米イラン高官協議の準備が進んでいると報じられた——その同じ日、レバノン国境ではヒズボラとイスラエルの砲撃が続いていた。外交と砲火が同じ時計で動いている。これはいったい、何を意味するのか。

「停戦前夜」ではなく「戦場付きの交渉」という現実

通常、高官級協議が始まるときは戦闘がいったん収まるか、少なくとも「見せかけの静寂」がつくられる。今回はそれがない。ヒズボラ砲撃のニュースが流れる横で、協議のアジェンダが組まれているらしい。

これを「外交の前進」と読むか、「どちらかが本気じゃない」と読むかで、まるで意味が変わってくる。個人的に引っかかったのは、イランがこのタイミングで協議に応じた理由だ。

イランは現在、経済制裁の長期化と通貨安に苦しんでいる。ホルムズ海峡周辺の緊張が続けば石油輸出にも影響が出る。国内では改革派と強硬派の綱引きが激しい。そう考えると、協議テーブルに着くこと自体が「弱さのシグナル」ではなく、むしろ「限られた選択肢の中での最善手」だったんじゃないか、という見方もできる。

「米国とイランが高官級協議の準備を進める一方、イスラエルとヒズボラはレバノン国境を挟んだ砲撃を継続している。」(AP通信)

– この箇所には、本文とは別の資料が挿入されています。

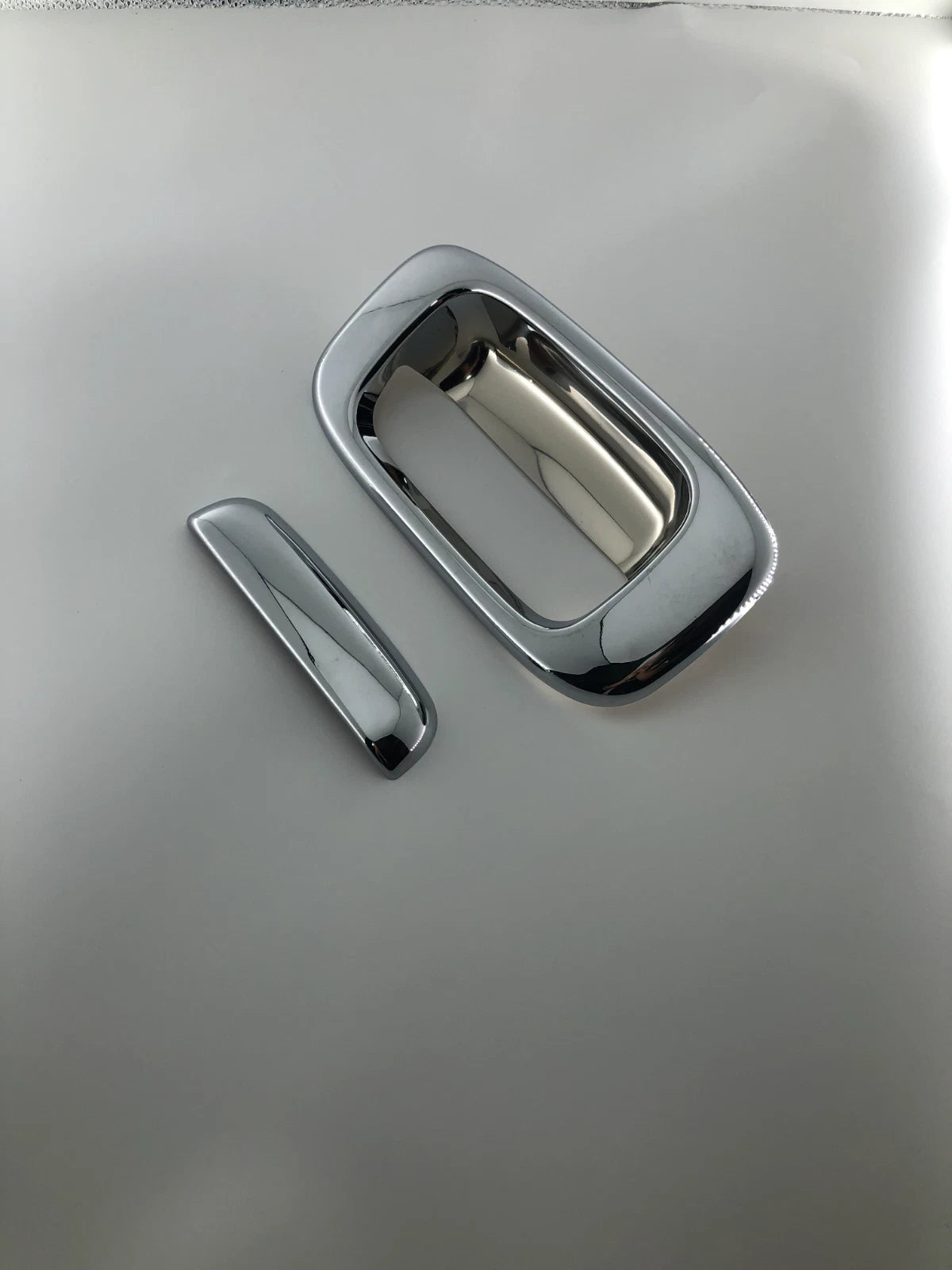 Tailgate Rear Chrome Door Handle Bowl Cover Trim for Chevrolet Silverado (2000-2006)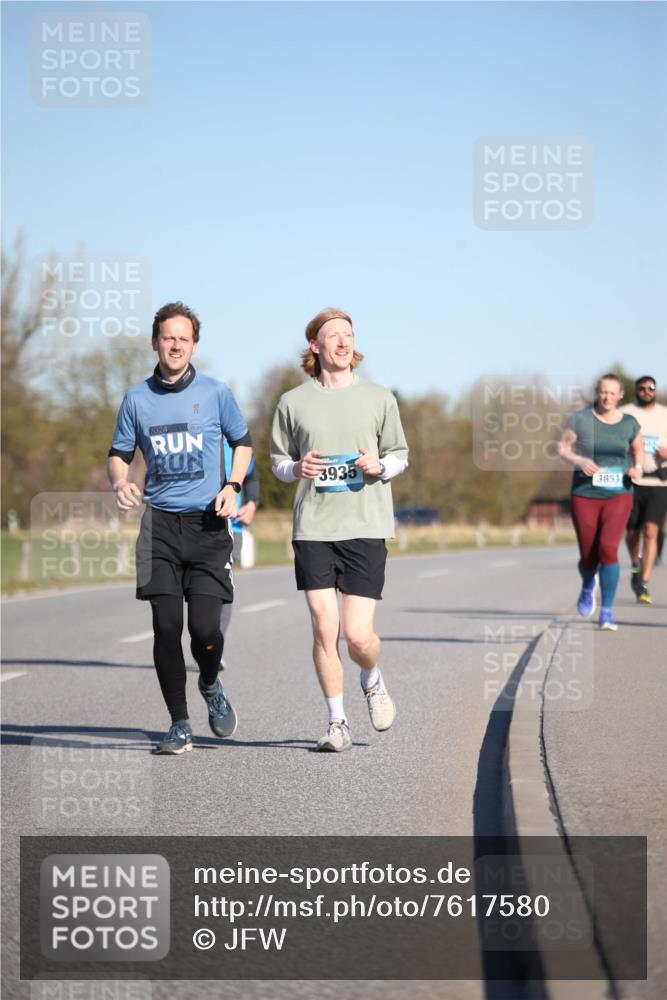 06.04.2025 - 44. Internationalen Wilhelmsburger Insellauf Jannik Wohlers http://msf.ph/oto/7617580 06.04.2025 09:43:35 Laufen 2024, 3935, 3853 meine-sportfotos.de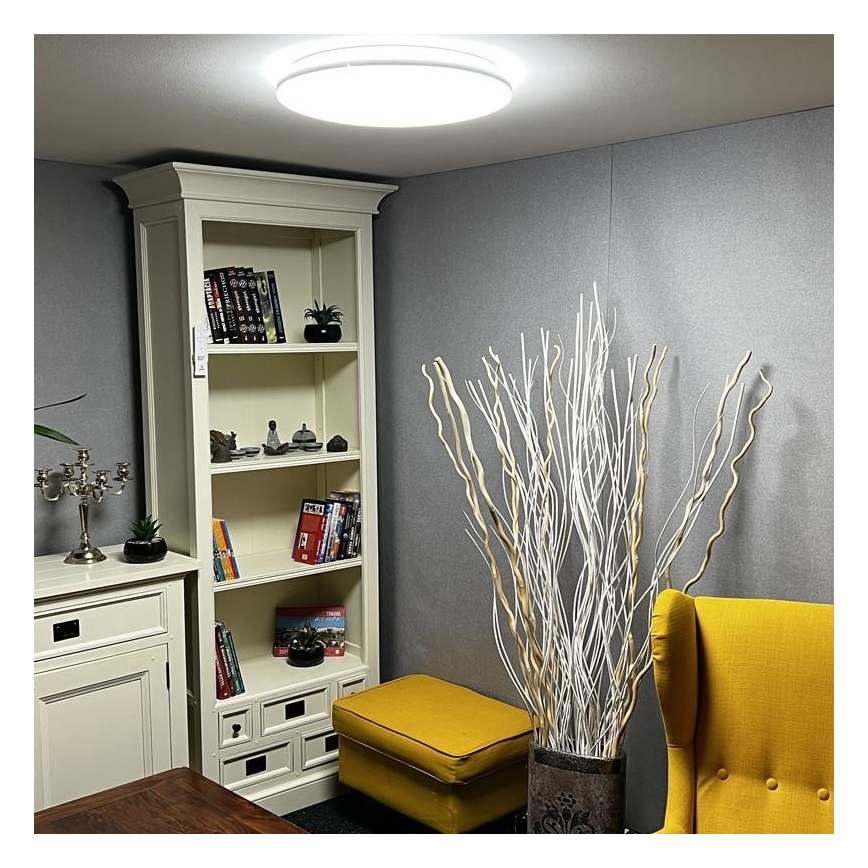 LED Himmennettävä kattovalo LED/48W/230V 2700-6500K Wi-Fi Tuya + kauko-ohjain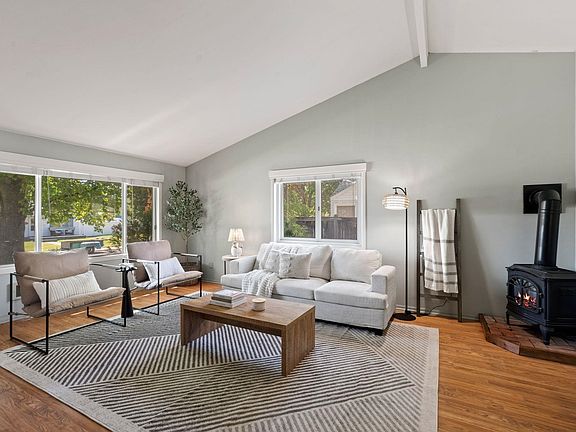 5th image of 2510 W Crown Ave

この一文の密度がすごい。二つの全く逆方向の動きが、同じ一文の中に収まっている。

トランプ政権が中東に何を描いているか、数字で見えてくること

2025年時点で、中東停戦交渉をめぐるアメリカの動きには一つのパターンがある。圧力と対話を同時に走らせる「ツートラック戦術」だ。トランプ政権は第一期のときも対イラン最大圧力キャンペーンを展開しながら、裏では接触を試みていた経緯がある。

今回の高官協議が核合意の再設計を含むなら、話は単純じゃなくなる。イランの核開発は、2015年のJCPOA(核合意)離脱後も静かに進んできた。ウラン濃縮度は兵器級に近い水準まで上がっているとされる。その状態で「テーブルに着く」のと「着かない」のとでは、交渉カードの重みが全然違う。

ヒズボラ砲撃が止まらない状況でも協議が続くなら、それはイスラエルも含めた複雑な利益調整が水面下で動いているサインかもしれない。イスラエルにとっては、イランが弱体化した状態で合意が成立する方が、長期的な安全保障上は得になる——そういう計算が働いている可能性もある。

この先どうなる

協議が合意に向かうシナリオと、決裂するシナリオ。どちらも「あり得る」としか言えない段階だが、注目すべき指標はいくつかある。まずホルムズ海峡付近の米海軍の動向。次に、ヒズボラ砲撃の頻度が増すか減るか。そしてイラン国内メディアの協議報道トーンだ。

強硬派が「屈辱的な交渉」と批判し始めたら、協議は頓挫に向かう可能性が高い。逆に国営メディアが「外交的勝利」として報道し始めたら、何らかの合意に近づいているとみていい。

中東停戦交渉の歴史を振り返ると、最も危ない瞬間は「合意直前」だったりする。ぎりぎりのところで強硬派が動く。今回もそのパターンを踏む可能性は十分ある。続報から目が離せない。